As the population increases, more homes are required to accommodate growth. Asia’s winning cities are mainly characterised by robust population growth – such as in Sydney, Melbourne, Singapore, Hong Kong and Tokyo. The drivers of growth reflect a variety of factors, such as internal migration, natural population growth, and immigration from overseas. Even where population levels appear to have stagnated, such as in Seoul and Taipei, underlying housing demand is robust; this reflects falling household sizes along with rising income and wealth, which also drive-up demand.

‘Winning cities’ within APAC are generally densely populated and offer relatively limited living space per person. We believe many of Asia’s ‘winning cities’ in mature economies suffer from a shortage of living space as new supply has failed to keep pace with population and income growth. India and China will require significant new development to accommodate the rising aspirations that come with income growth.

While there is strong demand as well as investment opportunities in residential property within APAC, institutional investors face barriers in terms of income-producing opportunities within the region. The largest market is in Japan; elsewhere, income-producing residential property is limited to niche areas like student accommodation and nursing homes. At this point, we believe that the strongest residential opportunities lie in development strategies, such as preparing land for housing construction, conversion of commercial premises to residential use, and lending to developers.

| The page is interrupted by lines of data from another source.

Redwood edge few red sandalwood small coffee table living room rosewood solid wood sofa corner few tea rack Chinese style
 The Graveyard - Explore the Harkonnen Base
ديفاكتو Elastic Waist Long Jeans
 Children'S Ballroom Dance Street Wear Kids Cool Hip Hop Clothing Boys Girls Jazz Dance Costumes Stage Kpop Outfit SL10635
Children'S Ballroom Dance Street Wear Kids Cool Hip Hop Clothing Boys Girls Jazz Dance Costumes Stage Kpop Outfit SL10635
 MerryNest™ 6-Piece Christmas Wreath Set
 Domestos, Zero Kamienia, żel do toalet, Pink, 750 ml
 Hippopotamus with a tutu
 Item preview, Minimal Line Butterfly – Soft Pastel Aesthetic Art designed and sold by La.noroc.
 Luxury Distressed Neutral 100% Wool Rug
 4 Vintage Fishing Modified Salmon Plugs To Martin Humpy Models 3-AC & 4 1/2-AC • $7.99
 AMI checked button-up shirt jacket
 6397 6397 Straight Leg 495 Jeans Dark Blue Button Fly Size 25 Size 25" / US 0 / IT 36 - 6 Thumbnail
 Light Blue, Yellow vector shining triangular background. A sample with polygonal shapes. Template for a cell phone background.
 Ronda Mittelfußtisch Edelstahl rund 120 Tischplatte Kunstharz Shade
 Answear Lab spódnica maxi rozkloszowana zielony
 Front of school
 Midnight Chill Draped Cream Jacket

A key concern in this market is that prices are higher because of low interest rates and not because of housing demand fundamentals. The traditional approach for measuring housing affordability is to compare house prices to incomes and then benchmark this against a historical norm. But because the norm varies sharply across countries and the economic environment is constantly changing, this makes it difficult to identify an appropriate benchmark. Another way of assessing valuations is to compare the cost of owning a home against the cost of renting.

On this measure, the cost of owner-occupation does appear unattractive on the surface. Markets in Singapore, Hong Kong, China and India appear to be around 30% or more overpriced. An important factor that may explain high house prices is a cultural preference for ownership as renting is often stigmatised.

Low interest rates are also supporting house prices and a move towards historical averages would make prices appear stretched in many markets. However, higher rates do not occur in isolation. Income growth should be correspondingly strong and this is likely to push up rents as the demand for living space rises.

Overall, it is evident that the appetite for housing is increasing in Asia-Pacific cities and with this comes the fear of an impending property bubble on the market. In an attempt to rein in housing demand, governments have reacted by imposing a number of restrictive measures, such as strict transaction taxes for speculative investors. Low interest rates have no doubt played a significant role in increasing housing demand, but we see lower borrowing costs as reinforcing structural housing imbalances in APAC’s ‘winning cities’.

Although there are no easy answers to solve the problem of the living space deficit, opportunities to finance redevelopments exist – particularly in terms of intensifying land use by creating high-density housing. Admittedly, executing planning approvals and construction can be challenging, but we believe the Asia-Pacific market is diverse enough to offer investors a range of opportunities for investors with a range of risk appetites.